Stellungnahme des Abteilungsleiters für USA-Fragen beim Außenministerium der DVR Korea

Der Abteilungsleiter für USA-Fragen beim Außenministerium der Demokratischen Volksrepublik Korea, Kwon Jong Kun nahm am 11. August eine Stellung.

Darin hieß es: Ein Dummkopf wird mit dem Alter törichter. Das ist beim südkoreanischen Machthaber der gleiche Fall.

Die südkoreanischen Behörden benannten die gemeinsame Militärübung „Bündnis 19-2“ in die „Übung der gemeinsamen Kommandostelle Südkoreas und der USA in der zweiten Hälfte des Jahrs“ um und machten bekannt, dass diese Übung ab 11. August in vollem Gange vonstattengehen wird.

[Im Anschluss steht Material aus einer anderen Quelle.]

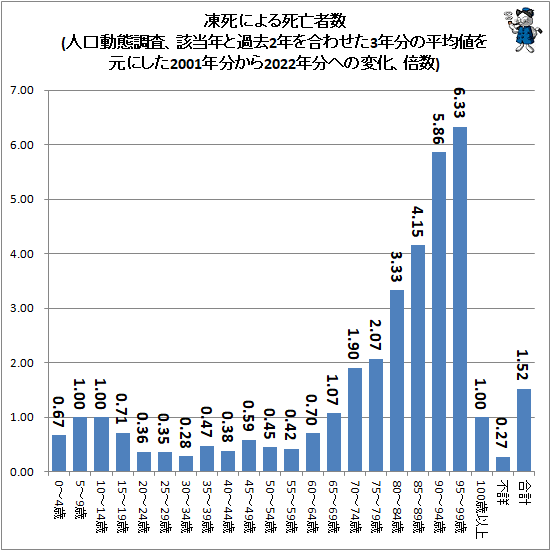 ↑ 凍死による死亡者数(人口動態調査、該当年と過去2年を合わせた3年分の平均値を元にした2001年分から2022年分への変化、倍数)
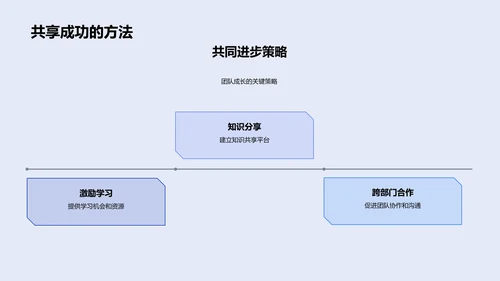 年度保险业绩总结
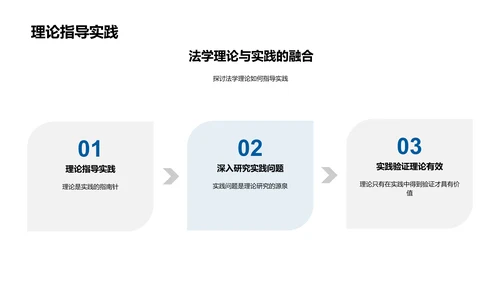 法学研究实践指南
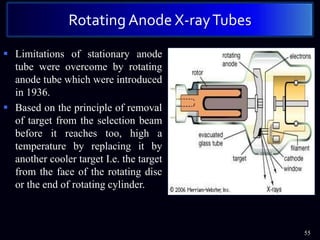  Limitations of stationary anode
tube were overcome by rotating
anode tube which were introduced
in 1936.
 Based on the principle of removal
of target from the selection beam
before it reaches too, high a
temperature by replacing it by
another cooler target I.e. the target
from the face of the rotating disc
or the end of rotating cylinder.
55
Rotating Anode X-rayTubes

Mit der Umbenennung der Übung ändert sich der aggressive Charakter dieser Übung überhaupt nicht, und die DVRK-Seite wird dieser Übung nicht nur mit bloßen Händen zusehen. Wenn die südkoreanische Seite so gedacht hat, ist dies wahrhaft dumm.

Der Mist im schönen Umschlagtuch stinkt noch immer.

Unübersehbar war dabei, dass das Blaue Haus im Zusammenhang mit der regelmäßigen Modernisierung der konventionellen Waffen der DVRK die Notsitzung der betreffenden Minister einberufen hatte und zwar in der Friedenszeit.

Bei der letzten Machtdemonstration der KVA konnte Südkorea nicht einmal die Reichweite der Raketen feststellen, sodass es von allen Menschen verspottet wurde.

Anstatt daraus die Lehre zu ziehen, handelt Südkorea dumm und lächerlich. Mit unserer Demonstration hat Südkorea gar nichts zu tun.

Vielleicht könnten die südkoreanischen Bürger diese Handlung vom Blauen Haus als Verteidigung der Sicherheit betrachten.

Der feige Hund bellt lauter. Das ist die Meinung von uns.

Selbst der US-Präsident bezeichnete den Testschuss der konventionellen Waffe der DVRK als einen ziemlich kleinen Raketentest, den alle Länder unternehmen können. Damit erkannte er in der Tat das Recht der DVRK als eines souveränen Staates auf Selbstverteidigung an.

Aber Südkorea, das überhaupt kein Recht dazu hat, davon zu reden, spricht im Zusammenhang mit der Entwicklung der selbstverteidigenden Streitkräfte der DVRK von der Verschärfung der militärischen Spannung und Forderung nach der Einstellung.

Derzeit führt Südkorea die gemeinsame Militärübung gegen die DVRK offen durch und bekrittelt andererseits die DVRK, was wahrhaft unverschämt ist.

Wir sind sehr enttäuscht, dass unser Gesprächspartner so ungebildet und dumm ist.

Wenn die südkoreanischen Behörden mit der Umbenennung der Militärübung diese Krise zu überwinden versuchen, ist es wahrhaft eine falsche Kalkulation.

Wenn künftig eine günstige Tendenz zum Dialog besteht und die DVRK diesen Dialog aufnimmt, ist dieser Dialog zwischen der DVRK und den USA, auf keinen Fall zwischen dem Norden und Süden. Das soll Südkorea klar begreifen.

Diesmalige Militärübung zielt auf die DVRK. Südkorea soll künftig auf solche Militärübung völlig verzichten oder mit Aufrichtigkeit über diese Übung keine Ausrede und eine Klärung finden. Sonst gibt es gar keinen Kontakt zwischen dem Norden und Süden.

Die DVRK-Seite wird dies berechnen und die Haltung der südkoreanischen Behörden aufmerksam verfolgen.

Wenn Südkorea erneut solche lächerliche Sophisterei fallen lässt, wird es dummerweise mit Öl das Feuer zu löschen versuchen.

Das Blaue Haus wird wegen der Sorge um seine Sicherheit keinen ruhigen Schlaf in der Frühe haben.